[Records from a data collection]
- - - - -

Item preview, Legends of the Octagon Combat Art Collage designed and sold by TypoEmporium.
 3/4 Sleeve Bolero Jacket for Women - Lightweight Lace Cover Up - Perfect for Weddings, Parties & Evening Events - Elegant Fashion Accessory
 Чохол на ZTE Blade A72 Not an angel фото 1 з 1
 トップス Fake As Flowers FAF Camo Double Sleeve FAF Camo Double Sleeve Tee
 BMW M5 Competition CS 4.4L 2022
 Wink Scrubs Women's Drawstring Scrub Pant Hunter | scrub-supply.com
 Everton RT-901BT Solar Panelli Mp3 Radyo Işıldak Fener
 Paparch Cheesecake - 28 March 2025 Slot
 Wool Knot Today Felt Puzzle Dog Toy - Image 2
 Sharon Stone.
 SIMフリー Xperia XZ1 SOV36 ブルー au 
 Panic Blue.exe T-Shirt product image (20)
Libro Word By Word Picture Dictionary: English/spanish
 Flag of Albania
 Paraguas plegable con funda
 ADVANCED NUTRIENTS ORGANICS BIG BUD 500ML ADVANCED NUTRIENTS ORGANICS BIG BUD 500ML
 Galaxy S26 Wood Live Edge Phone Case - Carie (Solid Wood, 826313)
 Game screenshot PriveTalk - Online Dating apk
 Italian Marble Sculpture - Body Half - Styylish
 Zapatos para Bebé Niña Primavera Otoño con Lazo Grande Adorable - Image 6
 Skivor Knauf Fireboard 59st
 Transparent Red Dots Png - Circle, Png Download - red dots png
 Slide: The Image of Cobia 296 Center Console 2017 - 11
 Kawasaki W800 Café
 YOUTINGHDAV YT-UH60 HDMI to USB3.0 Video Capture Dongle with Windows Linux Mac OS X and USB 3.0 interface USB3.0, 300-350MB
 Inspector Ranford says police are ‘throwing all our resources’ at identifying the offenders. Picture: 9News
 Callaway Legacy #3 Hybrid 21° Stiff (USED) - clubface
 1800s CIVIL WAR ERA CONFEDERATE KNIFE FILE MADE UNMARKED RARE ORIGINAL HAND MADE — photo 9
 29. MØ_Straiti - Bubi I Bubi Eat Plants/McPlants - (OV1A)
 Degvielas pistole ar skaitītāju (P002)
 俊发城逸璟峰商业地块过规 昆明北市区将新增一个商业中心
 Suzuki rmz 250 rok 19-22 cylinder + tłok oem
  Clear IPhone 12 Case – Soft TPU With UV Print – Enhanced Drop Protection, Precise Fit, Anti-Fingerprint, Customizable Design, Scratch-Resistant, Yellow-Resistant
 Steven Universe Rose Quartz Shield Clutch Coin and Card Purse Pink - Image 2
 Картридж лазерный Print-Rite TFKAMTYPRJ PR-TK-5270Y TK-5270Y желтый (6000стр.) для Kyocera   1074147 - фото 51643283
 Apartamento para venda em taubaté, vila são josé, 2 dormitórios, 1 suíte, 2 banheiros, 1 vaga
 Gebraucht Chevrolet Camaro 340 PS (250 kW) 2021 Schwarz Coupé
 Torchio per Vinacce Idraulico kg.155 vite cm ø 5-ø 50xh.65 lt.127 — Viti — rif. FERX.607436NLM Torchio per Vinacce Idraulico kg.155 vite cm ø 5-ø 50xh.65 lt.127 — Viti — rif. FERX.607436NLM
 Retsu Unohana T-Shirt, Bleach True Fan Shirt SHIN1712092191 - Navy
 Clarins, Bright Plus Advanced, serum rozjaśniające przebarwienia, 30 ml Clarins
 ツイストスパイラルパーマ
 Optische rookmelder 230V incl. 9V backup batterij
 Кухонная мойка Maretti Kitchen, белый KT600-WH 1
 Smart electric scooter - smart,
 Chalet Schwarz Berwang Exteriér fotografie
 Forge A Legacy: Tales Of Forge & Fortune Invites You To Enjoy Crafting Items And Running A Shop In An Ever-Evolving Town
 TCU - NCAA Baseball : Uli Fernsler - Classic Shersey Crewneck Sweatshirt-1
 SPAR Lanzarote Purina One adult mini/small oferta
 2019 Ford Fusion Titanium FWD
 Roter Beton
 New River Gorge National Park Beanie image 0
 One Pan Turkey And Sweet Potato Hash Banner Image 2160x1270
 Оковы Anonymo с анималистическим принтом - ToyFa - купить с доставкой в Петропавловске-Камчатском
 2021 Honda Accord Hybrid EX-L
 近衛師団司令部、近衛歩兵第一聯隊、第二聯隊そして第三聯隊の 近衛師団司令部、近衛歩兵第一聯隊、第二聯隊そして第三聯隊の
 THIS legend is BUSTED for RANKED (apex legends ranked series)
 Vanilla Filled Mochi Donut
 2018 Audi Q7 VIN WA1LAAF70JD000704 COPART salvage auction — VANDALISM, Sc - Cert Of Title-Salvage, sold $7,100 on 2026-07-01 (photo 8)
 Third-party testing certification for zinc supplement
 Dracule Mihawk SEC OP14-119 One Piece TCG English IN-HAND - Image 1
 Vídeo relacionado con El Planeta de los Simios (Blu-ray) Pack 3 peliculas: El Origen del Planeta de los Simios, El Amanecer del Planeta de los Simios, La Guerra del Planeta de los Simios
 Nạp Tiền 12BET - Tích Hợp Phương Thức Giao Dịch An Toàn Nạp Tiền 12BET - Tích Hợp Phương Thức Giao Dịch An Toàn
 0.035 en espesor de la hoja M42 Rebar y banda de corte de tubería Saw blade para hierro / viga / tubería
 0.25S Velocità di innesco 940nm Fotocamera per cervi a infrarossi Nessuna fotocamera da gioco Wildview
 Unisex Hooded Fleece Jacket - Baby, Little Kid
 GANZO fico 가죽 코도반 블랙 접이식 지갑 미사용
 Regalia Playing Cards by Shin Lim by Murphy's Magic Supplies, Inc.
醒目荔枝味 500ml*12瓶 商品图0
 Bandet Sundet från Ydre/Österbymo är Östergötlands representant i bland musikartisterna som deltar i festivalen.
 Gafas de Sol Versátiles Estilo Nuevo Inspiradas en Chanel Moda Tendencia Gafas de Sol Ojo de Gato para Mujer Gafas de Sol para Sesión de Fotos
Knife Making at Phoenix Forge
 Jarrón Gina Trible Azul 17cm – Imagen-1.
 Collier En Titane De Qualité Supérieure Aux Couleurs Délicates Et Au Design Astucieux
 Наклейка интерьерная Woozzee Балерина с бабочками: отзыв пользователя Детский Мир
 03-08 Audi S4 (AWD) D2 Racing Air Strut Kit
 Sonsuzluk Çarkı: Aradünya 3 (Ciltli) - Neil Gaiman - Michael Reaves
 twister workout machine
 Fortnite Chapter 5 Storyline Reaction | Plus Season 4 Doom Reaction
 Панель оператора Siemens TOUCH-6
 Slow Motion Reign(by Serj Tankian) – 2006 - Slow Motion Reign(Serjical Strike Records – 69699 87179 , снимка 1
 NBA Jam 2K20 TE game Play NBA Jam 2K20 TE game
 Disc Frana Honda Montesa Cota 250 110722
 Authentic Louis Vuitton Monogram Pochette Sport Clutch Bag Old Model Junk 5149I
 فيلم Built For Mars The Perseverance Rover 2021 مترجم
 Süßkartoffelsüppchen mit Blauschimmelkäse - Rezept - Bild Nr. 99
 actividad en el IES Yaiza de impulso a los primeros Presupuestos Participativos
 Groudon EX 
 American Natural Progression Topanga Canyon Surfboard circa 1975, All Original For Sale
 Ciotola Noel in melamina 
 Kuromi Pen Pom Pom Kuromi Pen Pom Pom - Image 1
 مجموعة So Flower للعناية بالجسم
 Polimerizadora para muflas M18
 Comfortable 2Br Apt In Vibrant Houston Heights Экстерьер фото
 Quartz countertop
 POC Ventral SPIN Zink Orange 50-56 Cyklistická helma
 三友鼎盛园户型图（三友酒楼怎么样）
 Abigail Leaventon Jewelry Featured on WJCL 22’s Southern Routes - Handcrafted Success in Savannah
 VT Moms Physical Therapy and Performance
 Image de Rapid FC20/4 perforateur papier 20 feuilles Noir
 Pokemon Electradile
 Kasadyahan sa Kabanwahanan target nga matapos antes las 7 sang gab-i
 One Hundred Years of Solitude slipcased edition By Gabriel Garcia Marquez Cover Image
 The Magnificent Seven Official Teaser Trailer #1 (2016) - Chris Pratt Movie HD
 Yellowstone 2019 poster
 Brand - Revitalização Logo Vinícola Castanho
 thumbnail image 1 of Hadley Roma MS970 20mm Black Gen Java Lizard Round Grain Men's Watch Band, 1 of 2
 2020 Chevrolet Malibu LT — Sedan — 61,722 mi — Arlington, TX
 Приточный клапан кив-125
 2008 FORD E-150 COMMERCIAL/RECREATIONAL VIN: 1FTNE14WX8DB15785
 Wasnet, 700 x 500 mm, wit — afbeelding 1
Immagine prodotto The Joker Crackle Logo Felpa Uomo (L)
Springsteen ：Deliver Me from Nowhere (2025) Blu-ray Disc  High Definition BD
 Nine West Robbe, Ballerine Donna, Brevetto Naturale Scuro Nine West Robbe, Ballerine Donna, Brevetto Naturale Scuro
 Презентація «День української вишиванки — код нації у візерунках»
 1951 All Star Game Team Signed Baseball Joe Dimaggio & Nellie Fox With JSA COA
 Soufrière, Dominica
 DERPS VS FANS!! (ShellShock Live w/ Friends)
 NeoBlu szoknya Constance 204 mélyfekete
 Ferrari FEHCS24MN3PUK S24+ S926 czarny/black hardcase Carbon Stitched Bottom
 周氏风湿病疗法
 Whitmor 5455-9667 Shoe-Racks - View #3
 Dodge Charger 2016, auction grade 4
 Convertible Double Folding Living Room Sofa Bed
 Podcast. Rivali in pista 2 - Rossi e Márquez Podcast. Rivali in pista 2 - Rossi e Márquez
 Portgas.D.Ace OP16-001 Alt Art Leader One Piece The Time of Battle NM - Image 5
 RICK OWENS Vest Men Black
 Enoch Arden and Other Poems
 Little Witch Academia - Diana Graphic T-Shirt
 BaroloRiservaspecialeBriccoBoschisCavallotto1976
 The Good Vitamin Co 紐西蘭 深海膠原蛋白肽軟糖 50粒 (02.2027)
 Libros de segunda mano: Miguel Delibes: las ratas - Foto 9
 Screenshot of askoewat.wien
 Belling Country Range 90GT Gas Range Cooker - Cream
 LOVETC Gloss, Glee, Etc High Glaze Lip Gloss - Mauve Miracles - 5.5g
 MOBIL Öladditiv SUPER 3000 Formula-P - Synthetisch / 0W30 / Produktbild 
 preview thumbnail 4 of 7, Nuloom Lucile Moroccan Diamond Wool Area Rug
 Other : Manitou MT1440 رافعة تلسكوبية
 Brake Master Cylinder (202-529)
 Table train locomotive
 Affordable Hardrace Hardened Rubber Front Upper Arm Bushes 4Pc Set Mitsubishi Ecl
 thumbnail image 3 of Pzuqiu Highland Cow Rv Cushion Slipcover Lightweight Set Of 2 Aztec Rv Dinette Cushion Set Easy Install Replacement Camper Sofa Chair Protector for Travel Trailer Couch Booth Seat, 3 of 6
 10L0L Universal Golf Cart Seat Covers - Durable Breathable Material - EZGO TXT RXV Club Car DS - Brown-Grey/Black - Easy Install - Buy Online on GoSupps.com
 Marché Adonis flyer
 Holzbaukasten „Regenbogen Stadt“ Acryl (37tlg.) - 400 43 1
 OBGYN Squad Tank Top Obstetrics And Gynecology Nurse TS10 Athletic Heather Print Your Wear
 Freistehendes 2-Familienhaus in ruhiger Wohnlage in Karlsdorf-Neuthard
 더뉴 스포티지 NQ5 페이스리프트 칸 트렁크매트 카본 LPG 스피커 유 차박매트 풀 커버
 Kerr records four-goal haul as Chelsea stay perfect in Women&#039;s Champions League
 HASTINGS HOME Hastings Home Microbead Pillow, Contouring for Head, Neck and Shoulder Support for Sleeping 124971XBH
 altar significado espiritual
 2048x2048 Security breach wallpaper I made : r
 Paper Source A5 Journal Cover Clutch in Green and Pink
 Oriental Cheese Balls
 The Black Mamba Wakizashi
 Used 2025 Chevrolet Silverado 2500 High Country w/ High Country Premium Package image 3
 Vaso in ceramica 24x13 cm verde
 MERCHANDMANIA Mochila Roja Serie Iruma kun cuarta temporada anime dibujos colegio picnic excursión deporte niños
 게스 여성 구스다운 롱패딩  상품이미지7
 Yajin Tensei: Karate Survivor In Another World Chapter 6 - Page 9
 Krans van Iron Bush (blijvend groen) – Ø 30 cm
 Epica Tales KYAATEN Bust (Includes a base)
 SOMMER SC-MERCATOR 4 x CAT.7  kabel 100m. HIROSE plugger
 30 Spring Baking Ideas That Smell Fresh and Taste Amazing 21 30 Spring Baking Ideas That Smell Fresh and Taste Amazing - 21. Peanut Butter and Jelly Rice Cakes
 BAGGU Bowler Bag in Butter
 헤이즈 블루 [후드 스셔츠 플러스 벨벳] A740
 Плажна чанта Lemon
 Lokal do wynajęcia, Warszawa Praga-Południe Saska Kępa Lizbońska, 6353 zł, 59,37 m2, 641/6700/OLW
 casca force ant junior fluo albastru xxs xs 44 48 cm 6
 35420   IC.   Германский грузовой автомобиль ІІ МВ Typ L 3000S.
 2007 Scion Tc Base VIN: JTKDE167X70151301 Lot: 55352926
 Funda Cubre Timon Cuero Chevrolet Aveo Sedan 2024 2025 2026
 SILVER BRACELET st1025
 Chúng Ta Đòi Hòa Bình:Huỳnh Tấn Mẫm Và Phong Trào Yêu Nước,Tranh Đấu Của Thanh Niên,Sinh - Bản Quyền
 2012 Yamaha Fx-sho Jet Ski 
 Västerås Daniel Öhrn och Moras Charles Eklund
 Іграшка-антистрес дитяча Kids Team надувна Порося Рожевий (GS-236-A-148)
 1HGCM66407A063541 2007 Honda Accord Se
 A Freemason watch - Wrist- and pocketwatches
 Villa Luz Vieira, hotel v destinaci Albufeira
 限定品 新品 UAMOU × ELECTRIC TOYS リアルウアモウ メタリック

- - - - -

§ YOUR ASSIGNMENT
Output, please, only the lines running from the start of the entries through the line that contains "ADVANCED NUTRIENTS ORGANICS BIG BUD 500ML ADVANCED", including both of those lines.

§ SOLUTION TO THIS TASK
Item preview, Legends of the Octagon Combat Art Collage designed and sold by TypoEmporium.
 3/4 Sleeve Bolero Jacket for Women - Lightweight Lace Cover Up - Perfect for Weddings, Parties & Evening Events - Elegant Fashion Accessory
 Чохол на ZTE Blade A72 Not an angel фото 1 з 1
 トップス Fake As Flowers FAF Camo Double Sleeve FAF Camo Double Sleeve Tee
 BMW M5 Competition CS 4.4L 2022
 Wink Scrubs Women's Drawstring Scrub Pant Hunter | scrub-supply.com
 Everton RT-901BT Solar Panelli Mp3 Radyo Işıldak Fener
 Paparch Cheesecake - 28 March 2025 Slot
 Wool Knot Today Felt Puzzle Dog Toy - Image 2
 Sharon Stone.
 SIMフリー Xperia XZ1 SOV36 ブルー au 
 Panic Blue.exe T-Shirt product image (20)
Libro Word By Word Picture Dictionary: English/spanish
 Flag of Albania
 Paraguas plegable con funda
 ADVANCED NUTRIENTS ORGANICS BIG BUD 500ML ADVANCED NUTRIENTS ORGANICS BIG BUD 500ML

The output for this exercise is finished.